(Karumen kokyô ni kaeru)
Visto in Dvx, in lingua originale sottotitolato in inglese.
Una ragazza che fa "l'artista" (la cantante ballerina di avanspettacolo... o forse qualcoasa di più...) a Tokyo torna i campagna dove è nata e dove vive il padre che si rifiuta di vederla. Il villaggio si muove attorno a questo ritorno mentre lei cerca conferme negli sguardi degli altri.
Un filmetto grazioso, ma senza nerbo e senza motivi di interesse particolare. La vicenda è trattata in maniera superficiale e il mezzo twist del finale non ne aumenta la profondità.
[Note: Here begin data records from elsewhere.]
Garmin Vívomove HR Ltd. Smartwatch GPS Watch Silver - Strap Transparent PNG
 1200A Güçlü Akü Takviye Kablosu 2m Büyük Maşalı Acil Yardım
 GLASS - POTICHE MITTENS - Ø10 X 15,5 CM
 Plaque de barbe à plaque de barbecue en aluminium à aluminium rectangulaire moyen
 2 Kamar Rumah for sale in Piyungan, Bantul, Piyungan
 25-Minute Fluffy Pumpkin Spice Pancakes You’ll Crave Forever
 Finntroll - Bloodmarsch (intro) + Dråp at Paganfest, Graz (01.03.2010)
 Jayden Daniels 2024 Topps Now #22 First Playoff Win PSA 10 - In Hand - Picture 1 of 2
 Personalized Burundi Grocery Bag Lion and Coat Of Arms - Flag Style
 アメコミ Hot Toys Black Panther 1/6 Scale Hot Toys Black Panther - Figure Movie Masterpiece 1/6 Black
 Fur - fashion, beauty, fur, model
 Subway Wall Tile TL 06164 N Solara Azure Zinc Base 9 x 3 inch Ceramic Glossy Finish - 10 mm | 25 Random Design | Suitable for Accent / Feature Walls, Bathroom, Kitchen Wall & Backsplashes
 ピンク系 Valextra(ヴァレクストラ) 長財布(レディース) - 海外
La sceneggiatura veleggia su una superficialità incosciente che rende la storia solo un ritorno, senza effetti sui personaggi (fatto salvo l'aver recuperato dei soldi), senza scavo, senza vere sorprese o cambiamenti.
Kinoshita si cimenta per la prima volta con il colore (il film è da ricordare unicamente per questo motivo: è il primo film a colori prodotto in Giappone) gestendolo in maniera semlicistica con un effetto zuccheroso; le due protagoniste indossano vestiti dai colori sgargianti, frequenti campi medi (o lunghi) che incastrano i personaggi in un idillio campestre fatto da campi verdi e cieli incredibilmente azzurri. Kinoshita si butta anche a gestire l'intero film con carrelli brevi che tentano di rendere dinamiche le staticissime sequenze o muovendosi con le passeggiate dei personaggi.
Quello che rimane è soltanto quello che già si è detto, il primo film a colori giapponese. Niente di più.